Work order: The data must be returned in full and exactly as given.

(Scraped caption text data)
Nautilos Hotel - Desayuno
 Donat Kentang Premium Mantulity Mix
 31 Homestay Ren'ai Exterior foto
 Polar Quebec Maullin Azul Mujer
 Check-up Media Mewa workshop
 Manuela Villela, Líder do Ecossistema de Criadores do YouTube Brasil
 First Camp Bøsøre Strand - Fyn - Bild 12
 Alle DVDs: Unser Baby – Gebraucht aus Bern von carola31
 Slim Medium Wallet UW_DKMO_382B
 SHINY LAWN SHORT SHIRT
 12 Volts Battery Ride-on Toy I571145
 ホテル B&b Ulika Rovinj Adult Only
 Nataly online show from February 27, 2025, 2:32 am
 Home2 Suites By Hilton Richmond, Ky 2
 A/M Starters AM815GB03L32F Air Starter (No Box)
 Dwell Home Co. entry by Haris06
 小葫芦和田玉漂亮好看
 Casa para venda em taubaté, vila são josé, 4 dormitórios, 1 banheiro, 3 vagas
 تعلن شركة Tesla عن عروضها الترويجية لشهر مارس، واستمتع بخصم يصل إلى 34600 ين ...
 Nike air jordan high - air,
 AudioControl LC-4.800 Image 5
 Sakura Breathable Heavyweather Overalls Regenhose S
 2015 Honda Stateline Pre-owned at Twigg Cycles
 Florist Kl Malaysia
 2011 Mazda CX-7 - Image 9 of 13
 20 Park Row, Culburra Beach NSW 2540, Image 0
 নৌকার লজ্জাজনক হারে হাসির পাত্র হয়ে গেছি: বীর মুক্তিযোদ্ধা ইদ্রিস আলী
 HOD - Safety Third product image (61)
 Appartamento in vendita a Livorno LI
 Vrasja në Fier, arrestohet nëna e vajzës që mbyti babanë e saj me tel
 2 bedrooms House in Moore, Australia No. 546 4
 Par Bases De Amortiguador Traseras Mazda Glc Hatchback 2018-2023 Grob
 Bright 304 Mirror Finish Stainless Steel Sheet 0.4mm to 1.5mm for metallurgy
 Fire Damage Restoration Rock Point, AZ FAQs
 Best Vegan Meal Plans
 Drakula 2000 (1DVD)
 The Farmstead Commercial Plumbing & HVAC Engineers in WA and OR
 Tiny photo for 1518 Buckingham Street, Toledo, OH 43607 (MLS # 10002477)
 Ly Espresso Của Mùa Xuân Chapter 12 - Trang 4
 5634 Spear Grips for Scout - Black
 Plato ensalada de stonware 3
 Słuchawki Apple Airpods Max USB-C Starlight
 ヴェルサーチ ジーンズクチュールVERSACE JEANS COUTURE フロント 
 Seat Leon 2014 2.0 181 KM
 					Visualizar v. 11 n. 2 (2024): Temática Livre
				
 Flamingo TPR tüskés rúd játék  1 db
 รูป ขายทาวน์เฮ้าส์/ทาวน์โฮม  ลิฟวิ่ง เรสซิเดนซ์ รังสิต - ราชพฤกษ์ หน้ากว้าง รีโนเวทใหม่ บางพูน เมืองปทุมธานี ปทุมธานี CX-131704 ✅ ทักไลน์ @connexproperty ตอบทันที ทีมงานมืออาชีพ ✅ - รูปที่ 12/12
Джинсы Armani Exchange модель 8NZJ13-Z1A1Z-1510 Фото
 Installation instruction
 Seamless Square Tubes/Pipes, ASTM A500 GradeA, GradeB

Your response:
Nautilos Hotel - Desayuno
 Donat Kentang Premium Mantulity Mix
 31 Homestay Ren'ai Exterior foto
 Polar Quebec Maullin Azul Mujer
 Check-up Media Mewa workshop
 Manuela Villela, Líder do Ecossistema de Criadores do YouTube Brasil
 First Camp Bøsøre Strand - Fyn - Bild 12
 Alle DVDs: Unser Baby – Gebraucht aus Bern von carola31
 Slim Medium Wallet UW_DKMO_382B
 SHINY LAWN SHORT SHIRT
 12 Volts Battery Ride-on Toy I571145
 ホテル B&b Ulika Rovinj Adult Only
 Nataly online show from February 27, 2025, 2:32 am
 Home2 Suites By Hilton Richmond, Ky 2
 A/M Starters AM815GB03L32F Air Starter (No Box)
 Dwell Home Co. entry by Haris06
 小葫芦和田玉漂亮好看
 Casa para venda em taubaté, vila são josé, 4 dormitórios, 1 banheiro, 3 vagas
 تعلن شركة Tesla عن عروضها الترويجية لشهر مارس، واستمتع بخصم يصل إلى 34600 ين ...
 Nike air jordan high - air,
 AudioControl LC-4.800 Image 5
 Sakura Breathable Heavyweather Overalls Regenhose S
 2015 Honda Stateline Pre-owned at Twigg Cycles
 Florist Kl Malaysia
 2011 Mazda CX-7 - Image 9 of 13
 20 Park Row, Culburra Beach NSW 2540, Image 0
 নৌকার লজ্জাজনক হারে হাসির পাত্র হয়ে গেছি: বীর মুক্তিযোদ্ধা ইদ্রিস আলী
 HOD - Safety Third product image (61)
 Appartamento in vendita a Livorno LI
 Vrasja në Fier, arrestohet nëna e vajzës që mbyti babanë e saj me tel
 2 bedrooms House in Moore, Australia No. 546 4
 Par Bases De Amortiguador Traseras Mazda Glc Hatchback 2018-2023 Grob
 Bright 304 Mirror Finish Stainless Steel Sheet 0.4mm to 1.5mm for metallurgy
 Fire Damage Restoration Rock Point, AZ FAQs
 Best Vegan Meal Plans
 Drakula 2000 (1DVD)
 The Farmstead Commercial Plumbing & HVAC Engineers in WA and OR
 Tiny photo for 1518 Buckingham Street, Toledo, OH 43607 (MLS # 10002477)
 Ly Espresso Của Mùa Xuân Chapter 12 - Trang 4
 5634 Spear Grips for Scout - Black
 Plato ensalada de stonware 3
 Słuchawki Apple Airpods Max USB-C Starlight
 ヴェルサーチ ジーンズクチュールVERSACE JEANS COUTURE フロント 
 Seat Leon 2014 2.0 181 KM
 					Visualizar v. 11 n. 2 (2024): Temática Livre
				
 Flamingo TPR tüskés rúd játék  1 db
 รูป ขายทาวน์เฮ้าส์/ทาวน์โฮม  ลิฟวิ่ง เรสซิเดนซ์ รังสิต - ราชพฤกษ์ หน้ากว้าง รีโนเวทใหม่ บางพูน เมืองปทุมธานี ปทุมธานี CX-131704 ✅ ทักไลน์ @connexproperty ตอบทันที ทีมงานมืออาชีพ ✅ - รูปที่ 12/12
Джинсы Armani Exchange модель 8NZJ13-Z1A1Z-1510 Фото
 Installation instruction
 Seamless Square Tubes/Pipes, ASTM A500 GradeA, GradeB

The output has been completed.